Crossed Wires (by Rosy Thornton)

It’s several years since I first came across Rosy Thornton, when I was sent one of her books to review. I liked it, and put a few more of her novels on my wishlist; I read a couple more and liked them very much. I was then given this particular one a couple of years ago but it’s been sitting on my to-be-read shelf all that time, until I decided to read it last week.

‘Crossed Wires’ is a light and gentle character-based story featuring two main people. Mina, who’s in her twenties, works in an auto insurance call centre in Sheffield. Peter, who’s around forty, is a lecturer in Cambridge. Both are single parents - Mina to a shy ten-year-old bookworm called Sal; Peter to identical nine-year-old twins called Kim and Cassie. But that’s about all they have in common.

They ‘meet’ by phone, when Peter calls to report a car problem. In explaining the circumstances of his accident, Mina chats a bit more than she would normally, liking the sound of his voice. That would have been the end of it, except that he manages to have another prang not long afterwards, and deliberately asks to speak to Mina as she was so helpful the first time. Then when he ends the call somewhat abruptly, she looks up his file on record and discovers something that makes her go against official guidelines and call him at home outside her work hours…

The story is told alternately from Mina’s and Peter’s point of view, charting their lives as they struggle with day-to-day problems. Mina worries that Sal is so shy, Peter worries that his twins are too close to each other. Mina’s sister causes her a great deal of stress; Peter spends time trying to help his research student, who is struggling financially, without making it too obvious that he’s helping her funds.

I found most of the characters likeable, including the token gay couple (so many modern books have them) who are Peter’s best friends, Jeremy and Martin, although they were a bit caricatured. I thought the three girls were well-drawn and believable, even if a few of the minor characters seemed flat and somewhat stereotyped.

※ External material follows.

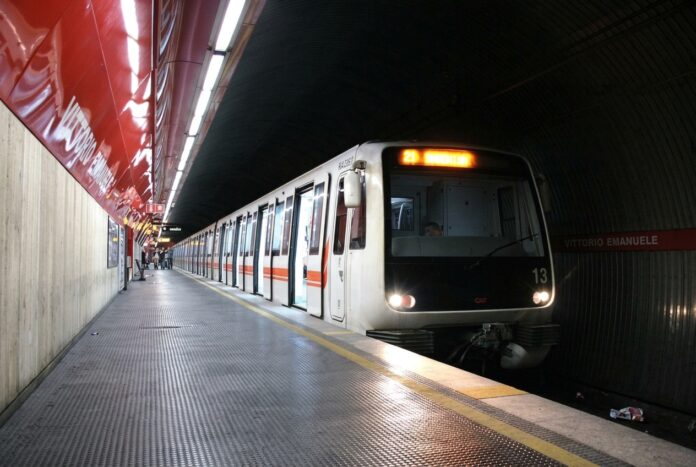 Stop al servizio nelle stazioni di Furio Camillo e Ponte Lungo sulla linea A: treni senza fermata e tempi di ripristino da definire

The writing is good, the style enjoyable, although it's not going to appeal to those who like a lot of plot or fast action. Instead it portrays the different people and circumstances, offering a peep into the lives of people we might otherwise know nothing about.

Peter and Mina find that despite very different circumstances in life, they think in the same kind of way, and start to enjoy their phone conversations - which turn into a weekly event - but I was beginning to wonder if they would ever meet…

There’s some drama in the middle of the book, and various crises; indeed I found it quite hard to put down during the latter half. I enjoyed the day-to-day lives of the two families, on the whole, but felt that one or two threads weren’t really resolved at the end even though the conclusion is hopeful and mostly satisfying.

'Crossed Wires' is no longer in print, and second-hand paperback editions can be quite expensive, but it's also available in electronic form for the Kindle.